[What the task requires] For the entries below, the result should be an exact transcription of the lines from the one with "Ambassador Niklas Ström" up to and including the one with "Dzieci podczas zabawy", and only those.

[Data excerpts]
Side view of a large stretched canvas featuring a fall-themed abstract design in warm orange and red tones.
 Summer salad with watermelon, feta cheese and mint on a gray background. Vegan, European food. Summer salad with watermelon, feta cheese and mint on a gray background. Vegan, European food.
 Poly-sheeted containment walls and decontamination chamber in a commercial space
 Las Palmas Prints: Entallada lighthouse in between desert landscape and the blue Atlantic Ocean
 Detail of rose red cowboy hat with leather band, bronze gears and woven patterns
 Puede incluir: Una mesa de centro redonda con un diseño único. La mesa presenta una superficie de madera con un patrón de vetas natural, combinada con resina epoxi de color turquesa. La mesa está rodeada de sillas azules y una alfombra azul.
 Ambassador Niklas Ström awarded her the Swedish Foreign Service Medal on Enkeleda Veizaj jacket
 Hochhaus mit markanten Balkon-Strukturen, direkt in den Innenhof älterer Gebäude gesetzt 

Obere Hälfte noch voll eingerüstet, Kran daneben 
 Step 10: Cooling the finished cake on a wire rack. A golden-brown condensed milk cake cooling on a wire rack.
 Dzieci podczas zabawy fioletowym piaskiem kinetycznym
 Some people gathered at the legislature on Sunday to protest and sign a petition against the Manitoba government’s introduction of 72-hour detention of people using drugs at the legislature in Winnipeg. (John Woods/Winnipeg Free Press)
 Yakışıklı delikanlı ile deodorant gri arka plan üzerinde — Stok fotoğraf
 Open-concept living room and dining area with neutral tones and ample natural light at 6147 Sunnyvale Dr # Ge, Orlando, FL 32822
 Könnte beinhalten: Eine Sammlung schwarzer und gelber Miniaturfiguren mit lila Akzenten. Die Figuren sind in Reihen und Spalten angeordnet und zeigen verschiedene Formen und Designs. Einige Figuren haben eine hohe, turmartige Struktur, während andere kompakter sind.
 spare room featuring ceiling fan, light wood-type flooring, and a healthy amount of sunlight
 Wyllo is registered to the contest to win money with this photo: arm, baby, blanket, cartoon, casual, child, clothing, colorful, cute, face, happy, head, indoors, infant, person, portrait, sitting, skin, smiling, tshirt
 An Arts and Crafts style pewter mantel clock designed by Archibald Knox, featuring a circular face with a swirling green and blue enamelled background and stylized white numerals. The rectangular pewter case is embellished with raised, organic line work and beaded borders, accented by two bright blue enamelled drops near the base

[Solved problem]
 Ambassador Niklas Ström awarded her the Swedish Foreign Service Medal on Enkeleda Veizaj jacket
 Hochhaus mit markanten Balkon-Strukturen, direkt in den Innenhof älterer Gebäude gesetzt 

Obere Hälfte noch voll eingerüstet, Kran daneben 
 Step 10: Cooling the finished cake on a wire rack. A golden-brown condensed milk cake cooling on a wire rack.
 Dzieci podczas zabawy fioletowym piaskiem kinetycznym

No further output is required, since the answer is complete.